Kindesentführungen sind in der Schweiz keine Seltenheit. 51 Fälle, bei denen ein Elternteil ein Kind illegal ausser Landes schaffte, verzeichnete das Bundesamt für Justiz (BJ) vergangenes Jahr. Das sind fast 20 Prozent mehr als noch 2012. Unverändert ist die Zahl von 37 Kindern, die in die Schweiz verschleppt wurden.

Die Zahlen zeigen aber nur die Spitze des Eisberges. Denn beim Bundesamt sind lediglich jene Fälle aufgelistet, die das Haager Kindesentführungs-Übereinkommen betreffen. Dieses haben praktisch alle Länder in Nordamerika, Südamerika und Europa unterzeichnet. Doch viele Staaten in Afrika, dem Nahen Osten sowie Asien gehören nicht dazu. Deshalb schätzt Rolf Widmer, Direktor des Internationalen Sozialdienstes, dass jährlich doppelt so viele Entführungen stattgefunden haben. «Wir hatten vergangenes Jahr allein mit 100 Müttern oder Vätern zu tun, die ihre Kinder illegal aus der Schweiz mitnahmen oder eine Entführung befürchteten», sagt Widmer.
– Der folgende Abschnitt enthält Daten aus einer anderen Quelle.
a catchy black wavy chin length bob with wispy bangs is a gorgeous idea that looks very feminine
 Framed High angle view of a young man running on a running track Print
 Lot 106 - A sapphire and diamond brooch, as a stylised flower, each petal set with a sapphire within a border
In der Regel entführen Eltern ihre Kinder nach einer Trennung in ihr Heimatland. Gemäss BJ-Statistik sind in 70 Prozent die Mütter die Entführerinnen. Diese Zahl verzerre jedoch das Bild, sagt Widmer. «Für Entführungen in Länder, wo das Haager Übereinkommen nicht gilt, sind vor allem die Väter die Verantwortlichen.»

Das Gezerre um die Kinder endet oft vor Gericht – und mit der Rückführung der Kinder. «Bis eine solche klappt, dauert es zwischen zwei Wochen und zwei Jahren. Mehrheitlich aber weniger als ein Jahr», sagt David Urwyler vom Bundesamt für Justiz.

20 aus der Schweiz entführte Kinder konnte die Behörde vergangenes Jahr zurückholen. Zwar sind das mehr Kinder als in den Jahren zuvor, doch der Genfer Professor Andreas Bucher steht dieser Entwicklung skeptisch gegenüber. «Viel wesentlicher, als die Rückführungen zu erhöhen, ist das Kindswohl zu berücksichtigen», sagt Bucher. Genau hier sieht Bucher aber Nachholbedarf.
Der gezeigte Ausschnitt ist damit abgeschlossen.